## [What is being asked]
Leaving out the images, repeat all the lines below exactly.
Stored data Block Start
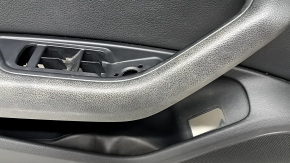 Front left door panel for Audi A4 B9 17-19, black, black leather armrest, black leather insert, for seat memory, with handle and speaker grilles, worn, needs cleaning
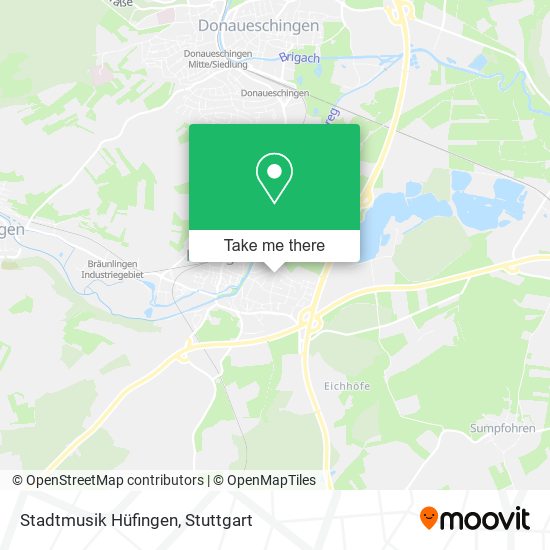 Stadtmusik Hüfingen map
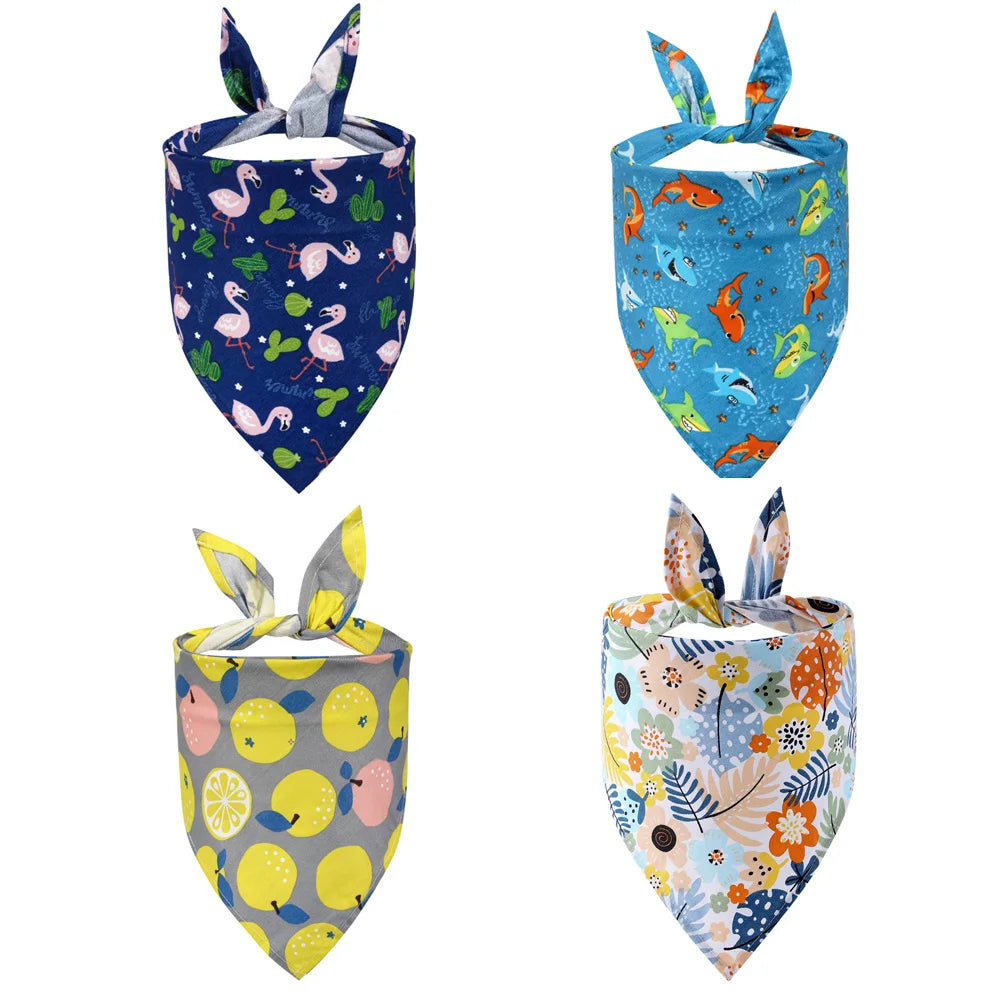 Dog Bandana Fruit Floral Spring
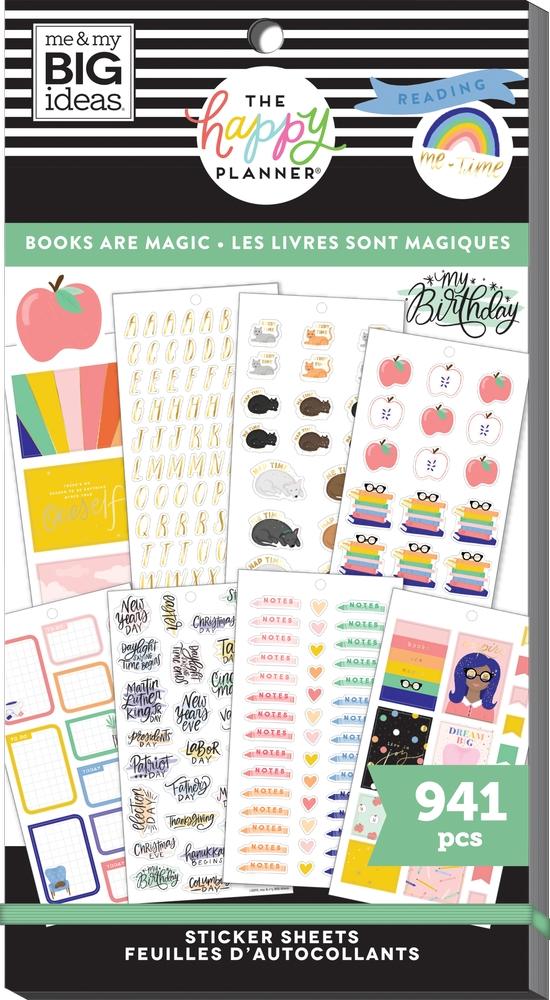 Value Pack Stickers -  Books Are Magic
Stored data Block End
## [Result for this task]
 Front left door panel for Audi A4 B9 17-19, black, black leather armrest, black leather insert, for seat memory, with handle and speaker grilles, worn, needs cleaning
 Stadtmusik Hüfingen map
 Dog Bandana Fruit Floral Spring
 Value Pack Stickers -  Books Are Magic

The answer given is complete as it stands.